More salacious cheers. Another contestant’s turn-on: “Lots of cologne.” More cheers.
Afterward, one of the participants, Toni Forthun, 19, of San Diego, says she hopes the exposure in the contest will eventually help her dancing career. “Anyway,” she adds, “it’s good for the ego.”
It is past 4 a.m., and the bacchanal is winding down. The Denny’s on Avenida Revolucion is a favorite place for many of the young crowd to begin facing up to the future.
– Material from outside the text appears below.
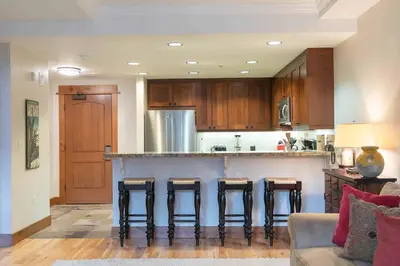 a kitchen with a bar with bar stools at Big Horn Lodge 409 by East West Hospitality in Truckee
“At least you know what kind of food you’re getting here,” explains Kris, 18, a chatty blonde whose mother thinks she’s at a friend’s house back in San Diego, as she sits in a Denny’s booth with two others. “We’ve got a few rules in Mexico: Don’t drink the water. Be careful with the food. Don’t sit on the toilet seats . . . “
‘Young and Horny’
What’s the attraction of Tijuana? “When you’re young and horny, what else can you do?” asks Phillip Harrison, 18, of San Clemente, who takes the opportunity to offer some thoughts on the state of this Latin nation. “I think America should take over Mexico again. We don’t want another Disneyland. We just want Mexico.”
All three nod in agreement.
Adds Kris, “This is a great way to meet people who think like you. And we love to dance.”
“Dancing,” interposes Harrison, “dancing is a natural high. Alcohol is just a socialistic disease.”
But, alas, there are negatives. “We met some people tonight who are obsessive,” says Kris. “One guy told me I was the most beautiful person in the whole bar. Imagine! Me?”
Soon, the three will join the stragglers heading back north, passing Lelo Morales, a 4-year-old boy who sings for coins at the international exit, and crossing into the United States as the morning sun faintly brightens the eastern sky. Some stagger, some have to be carried, others are just tired and hung over.
“The whole scene is revolting,” concludes Deborah Zahn, 19, a Nebraska native now living in California, who is approaching the border in the faint predawn light. “You have all these people chowing down while kids are starving on the streets.”
But her friend, a tall, sandy-haired blond, appears to disagree. “I’d come back,” he says. “I thought it was fun.”